De acordo com Edvaldo, a supressão do ISS, um dos mais rentáveis aos municípios, poderá fazer com que prefeitos pressionem seus legislativos municipais para aumentar o IPTU, como uma forma de compensar perdas com o ISS.

“O município perderá parcialmente a autonomia política com a chave do cofre mudando de mãos, e todos ficarão à mercê do governo federal. Isso não é bom para o país, não é bom para o pacto federativo. Governadores e prefeito dependerão de Brasília” - Edvaldo Brito, Tributarista e vereador de Salvador

“Fui prefeito de Salvador há 45 anos e sei bem o que sofri na busca de recursos em gabinetes de autoridades federais, que naquele tempo ficavam no Rio de Janeiro e em Brasília. Será um retrocesso imperdoável submeter a gestão local aos caprichos da liberação de recursos pelo governo federal. A sociedade civil precisa se posicionar contra”, protestou.

Apesar das divergências, o presidente da Câmara dos Deputados, Arthur Lira (PP-AL) garante que o projeto será votado na noite desta quinta. Questionado pelo portal A TARDE, o deputado federal Cláudio Cajado (PP-BA) demonstrou otimismo em relação à aprovação do texto.

“Vários partidos declararam ser favoráveis, como PP, Republicanos, PT e demais partidos de esquerda e da base de Lula, como o União Brasil, MDB, PSD, etc. Então, vejo espaço. E o relator está ajustando o texto para diminuir as resistências”, avaliou Cajado, prevendo a aprovação da Reforma Tributária.

•        Bruno Reis se opõe a projeto da reforma tributária do governo Lula

O prefeito Bruno Reis (UB) se manifestou contra o projeto da reforma tributária do governo Lula, enviado para a Câmara dos Deputados e que tem previsão de votação ainda nesta semana. Bruno participou na terça-feira, 4, em Brasília, de um ato da Frente Nacional de Prefeitos (FNP) contra o atual texto da reforma.

O chefe do Executivo soteropolitano defendeu a necessidade de uma reforma tributária, mas reiterou a preocupação dos gestores municipais com a perda de arrecadação para as prefeituras que ocorreria com a aprovação do atual texto.

“Todos nós somos favoráveis a uma reforma tributária, mas esta matéria em tramitação põe em risco a arrecadação dos municípios, que já têm as maiores atribuições e responsabilidades.
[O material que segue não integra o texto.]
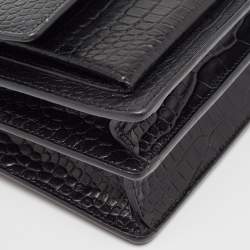 Pre Owned Saint Laurent Black Croc Embossed Leather Medium Sunset Bag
Não podemos ser penalizados”, disse.

O prefeito demonstrou preocupação com a perda de autonomia arrecadatória dos municípios, já que, pela proposta, o ISS (Imposto sobre Serviços de Qualquer Natureza) – principal tributo municipal – e o ICMS (Imposto sobre Circulação de Mercadorias e Serviços) seriam incorporados em um único imposto, o IBS (Imposto sobre Bens e Serviços).
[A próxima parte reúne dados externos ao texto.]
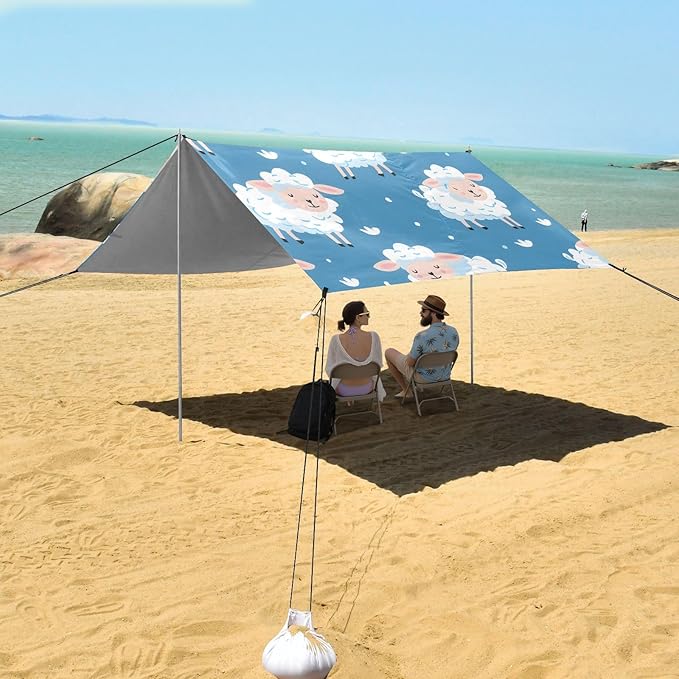 Sheep Pattern for Wrapping Paper and Flower Camping Sun Shelter Beach Tent Portable Beach Sun Shade Outdoor Canopy for Camping Trips Fishing Picnic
“Dificultaria muito a gestão das prefeituras a perda da autonomia arrecadatória, sem a capacidade de fiscalizar, emitir os autos de infração e controlar as suas finanças”, apontou.

No encontro com Lira, os prefeitos pediram que a votação da reforma seja adiada. “A Frente Nacional de Prefeitos não foi chamada para conversar, como ocorreu com os governadores, por exemplo. Todos entendem a importância da reforma tributária, mas é essencial que os municípios não percam arrecadação”, afirmou Bruno.

O texto da reforma tributária está em debate no Congresso Nacional e a expectativa é que a proposta seja votada em breve. Além do IBS, a matéria também propõe a criação da Contribuição sobre Bens e Serviços (CBS), que seria um imposto federal para fundir o PIS, Cofins e IPI.